§ The problem:
Without including any pictures, write out all the entries exactly.

§ Extracted information:
*-*-*
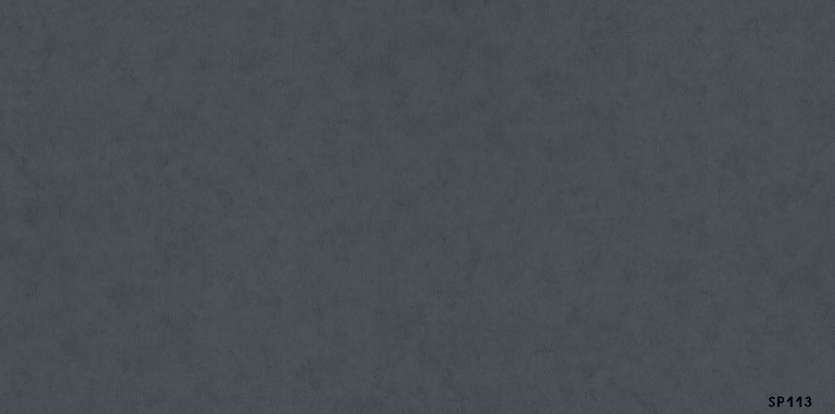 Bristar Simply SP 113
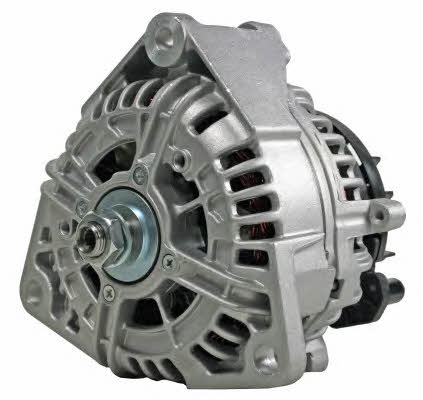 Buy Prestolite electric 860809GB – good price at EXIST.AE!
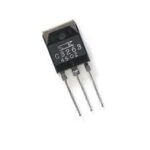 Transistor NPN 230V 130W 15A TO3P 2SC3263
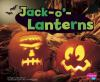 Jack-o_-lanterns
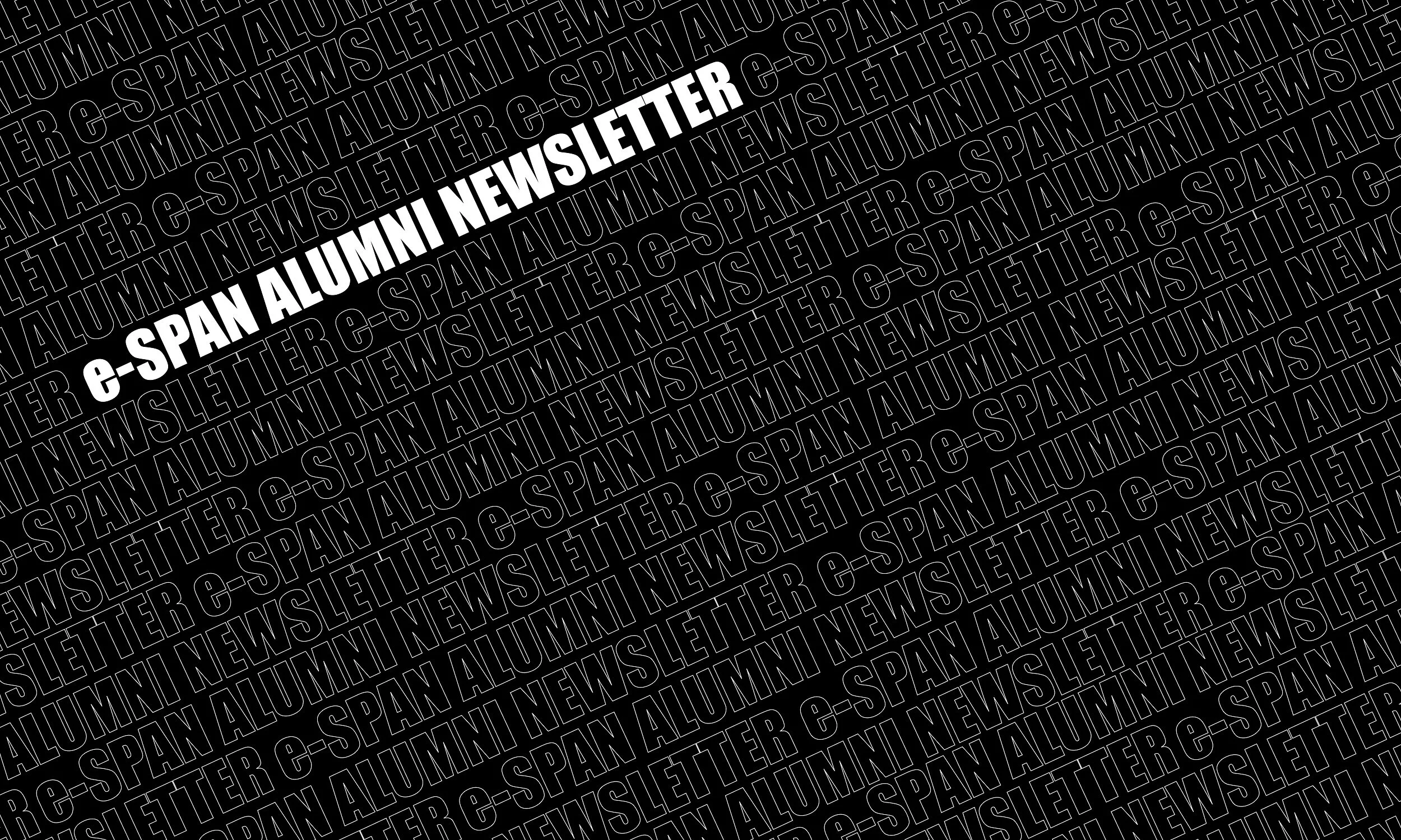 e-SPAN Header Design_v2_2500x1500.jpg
*-*-*
§ Exercise result:
 Bristar Simply SP 113
 Buy Prestolite electric 860809GB – good price at EXIST.AE!
 Transistor NPN 230V 130W 15A TO3P 2SC3263
 Jack-o_-lanterns
 e-SPAN Header Design_v2_2500x1500.jpg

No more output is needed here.